> About this task:
Only the lines from the line holding "magic cupidyn backpack" through the final line of the entries below are to be returned, exactly as they stand.

> Extracted entries:
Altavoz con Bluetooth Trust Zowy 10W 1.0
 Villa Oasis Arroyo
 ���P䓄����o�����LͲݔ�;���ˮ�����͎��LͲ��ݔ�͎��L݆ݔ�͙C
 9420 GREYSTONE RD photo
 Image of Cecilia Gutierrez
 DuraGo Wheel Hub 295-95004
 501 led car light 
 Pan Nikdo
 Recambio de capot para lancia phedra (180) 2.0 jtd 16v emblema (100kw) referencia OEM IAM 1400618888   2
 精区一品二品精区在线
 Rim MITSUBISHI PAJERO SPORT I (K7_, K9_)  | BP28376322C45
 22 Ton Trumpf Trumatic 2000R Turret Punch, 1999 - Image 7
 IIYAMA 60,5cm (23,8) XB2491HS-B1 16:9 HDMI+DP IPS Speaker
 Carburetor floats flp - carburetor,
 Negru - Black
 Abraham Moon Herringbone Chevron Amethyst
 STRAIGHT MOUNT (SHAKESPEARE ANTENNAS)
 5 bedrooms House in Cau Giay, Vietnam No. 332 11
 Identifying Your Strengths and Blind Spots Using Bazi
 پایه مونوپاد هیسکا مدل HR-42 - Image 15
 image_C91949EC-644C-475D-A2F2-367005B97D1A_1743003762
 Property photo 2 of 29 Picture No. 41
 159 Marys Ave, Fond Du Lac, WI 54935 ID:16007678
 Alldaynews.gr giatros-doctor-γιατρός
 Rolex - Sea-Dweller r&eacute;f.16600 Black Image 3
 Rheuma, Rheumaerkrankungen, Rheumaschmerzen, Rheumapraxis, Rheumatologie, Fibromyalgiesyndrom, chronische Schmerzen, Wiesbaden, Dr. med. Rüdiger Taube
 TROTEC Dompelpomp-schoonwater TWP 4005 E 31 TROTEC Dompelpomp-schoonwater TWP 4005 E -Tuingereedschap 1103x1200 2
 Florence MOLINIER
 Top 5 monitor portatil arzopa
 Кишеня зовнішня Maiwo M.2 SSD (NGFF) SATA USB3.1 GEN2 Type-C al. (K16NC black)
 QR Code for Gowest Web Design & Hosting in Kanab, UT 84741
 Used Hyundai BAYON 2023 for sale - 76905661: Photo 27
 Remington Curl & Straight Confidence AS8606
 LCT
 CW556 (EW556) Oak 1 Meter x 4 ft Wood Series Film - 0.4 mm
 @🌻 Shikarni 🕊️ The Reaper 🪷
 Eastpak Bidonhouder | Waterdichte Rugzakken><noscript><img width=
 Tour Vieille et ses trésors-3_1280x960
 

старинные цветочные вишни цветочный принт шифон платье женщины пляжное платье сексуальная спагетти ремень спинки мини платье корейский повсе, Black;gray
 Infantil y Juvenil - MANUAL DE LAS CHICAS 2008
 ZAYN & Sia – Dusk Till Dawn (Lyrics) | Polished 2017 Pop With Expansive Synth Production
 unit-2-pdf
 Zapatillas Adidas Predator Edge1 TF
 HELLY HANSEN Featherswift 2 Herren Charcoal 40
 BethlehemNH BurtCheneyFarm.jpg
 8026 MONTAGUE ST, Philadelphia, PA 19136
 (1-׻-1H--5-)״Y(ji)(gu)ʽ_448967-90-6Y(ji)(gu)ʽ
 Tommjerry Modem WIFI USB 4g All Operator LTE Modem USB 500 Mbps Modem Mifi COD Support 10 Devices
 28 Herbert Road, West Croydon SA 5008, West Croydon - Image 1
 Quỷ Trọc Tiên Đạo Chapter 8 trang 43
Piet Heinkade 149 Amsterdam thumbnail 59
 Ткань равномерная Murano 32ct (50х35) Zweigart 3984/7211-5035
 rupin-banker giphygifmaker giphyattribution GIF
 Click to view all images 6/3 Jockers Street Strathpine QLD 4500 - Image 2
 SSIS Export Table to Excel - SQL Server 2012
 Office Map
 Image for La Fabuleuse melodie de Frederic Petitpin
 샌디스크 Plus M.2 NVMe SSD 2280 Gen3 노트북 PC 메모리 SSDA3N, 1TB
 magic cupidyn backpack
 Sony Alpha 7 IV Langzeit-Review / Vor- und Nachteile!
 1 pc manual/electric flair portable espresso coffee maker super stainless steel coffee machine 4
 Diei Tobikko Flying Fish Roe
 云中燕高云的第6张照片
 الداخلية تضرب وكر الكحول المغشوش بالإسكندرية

> Written response:
 magic cupidyn backpack
 Sony Alpha 7 IV Langzeit-Review / Vor- und Nachteile!
 1 pc manual/electric flair portable espresso coffee maker super stainless steel coffee machine 4
 Diei Tobikko Flying Fish Roe
 云中燕高云的第6张照片
 الداخلية تضرب وكر الكحول المغشوش بالإسكندرية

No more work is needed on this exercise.